Thursday, April 5, 2012

Ebenezer Road

Then Samuel took a stone and set it up between Mizpah and Shen.  He named it Ebenezer, saying, "Thus far has the Lord helped us."  So the Philistines were subdued and did not invade Israelite territory again (I Sam. 7:12-13).

The word Ebenezer is a combination of two Hebrew words -- eben (stone) + ezer (help), the last connected to the primary root azar, which means to surround, to protect.

Yesterday I wrote about the Old Testament people who walked with God.  Of course, the people as a whole, formed by their communal experience of escape from Egypt and gathered into a nation with common laws at Mount Horeb, all together "walked with God" as they journeyed across the wilderness to the Promised Land.  Until they had all learned to trust God as they walked, they were not ready to settle down as a people.  It does no good for one person to trust God if his neighbor is still bent on taking whatever he can get and waging war until he gets it.  There is no "land of milk and honey" until every person and every tribe believes that the land he/they own is the land given to them by God Himself, that He has led them to this place and that it has not been done by their own hands.

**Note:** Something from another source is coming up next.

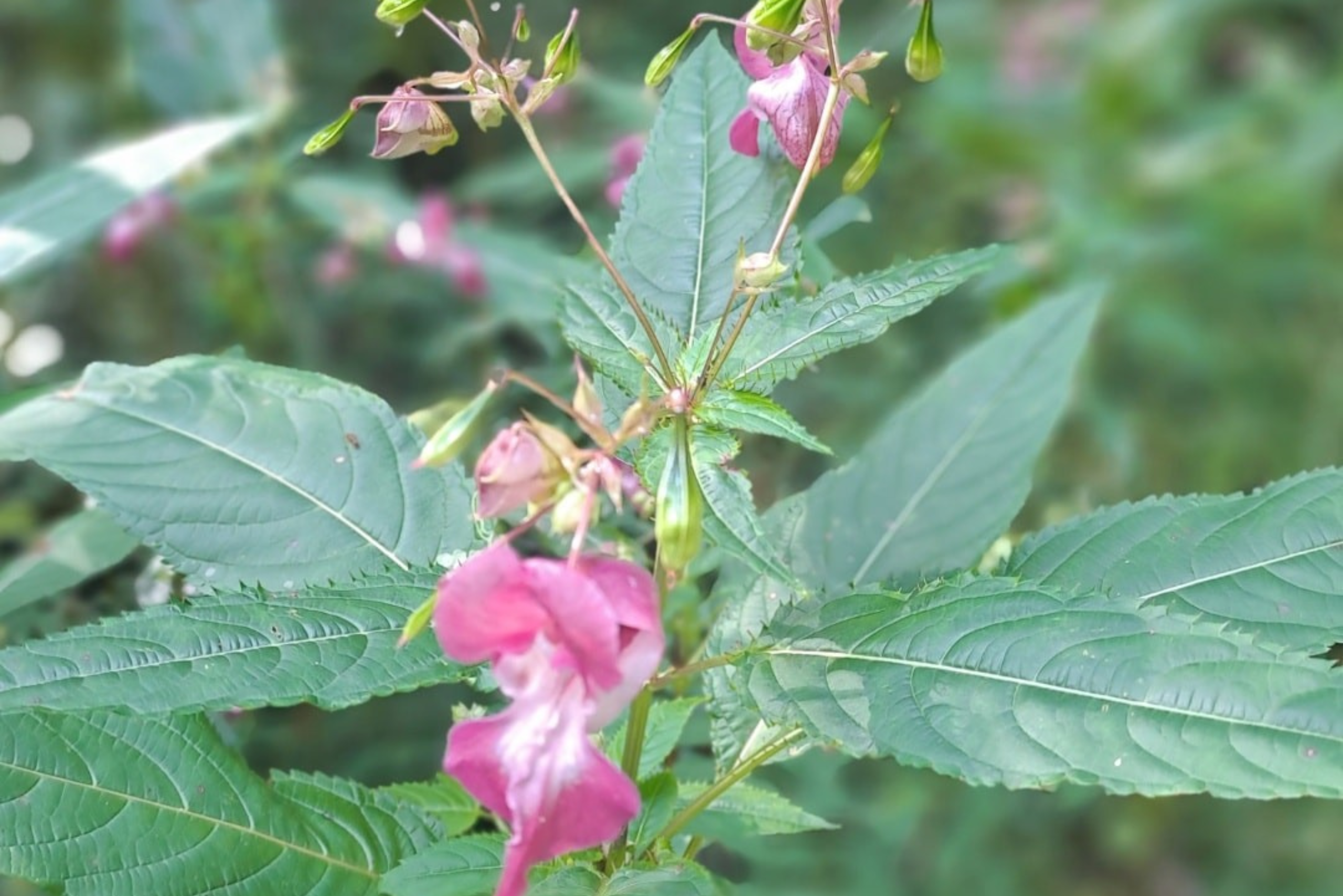 Baune Entretien Sapois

Moses warned the Israelites as they stood on the threshhold of the Promised Land:

When you have eaten and are satisfied, praise the Lord your God for the good land He has given you....Otherwise, when you eat and are satisfied, when you build fine houses and settle down, and when your herds and flocks have grown large and your silver and gold increase and all you have is multiplied, then your heart will become proud and you will forget the Lord your God, who brought you out of Egypt, out of the land of slavery.  He led you through the vast and dreadful desert, that thirsty and waterless land, with its venomous snakes and scorpions.  He brought you water out of hard rock.  He gave you manna to eat in the desert, something your fathers had never known, to humble and to test you so that in the end it might go well with you.  You may say to yourself, "My power and the strength of my hands have produced this wealth for me" (Duet. 8:10-17).

As a testimony to the help of God, to His Presence with them in the desert, the Israelites set up altars, or piles of stones as memorials in the wilderness --- and later, as in the Book of Samuel -- in the land itself.  And they called the stones "Ebenezer," meaning 'thus far has God helped us.'  The altars were reminders to them of the events where God was present to deliver them, as well as testimonies to the next generation, who saw the stones and heard the stories of God's faithfulness to His people.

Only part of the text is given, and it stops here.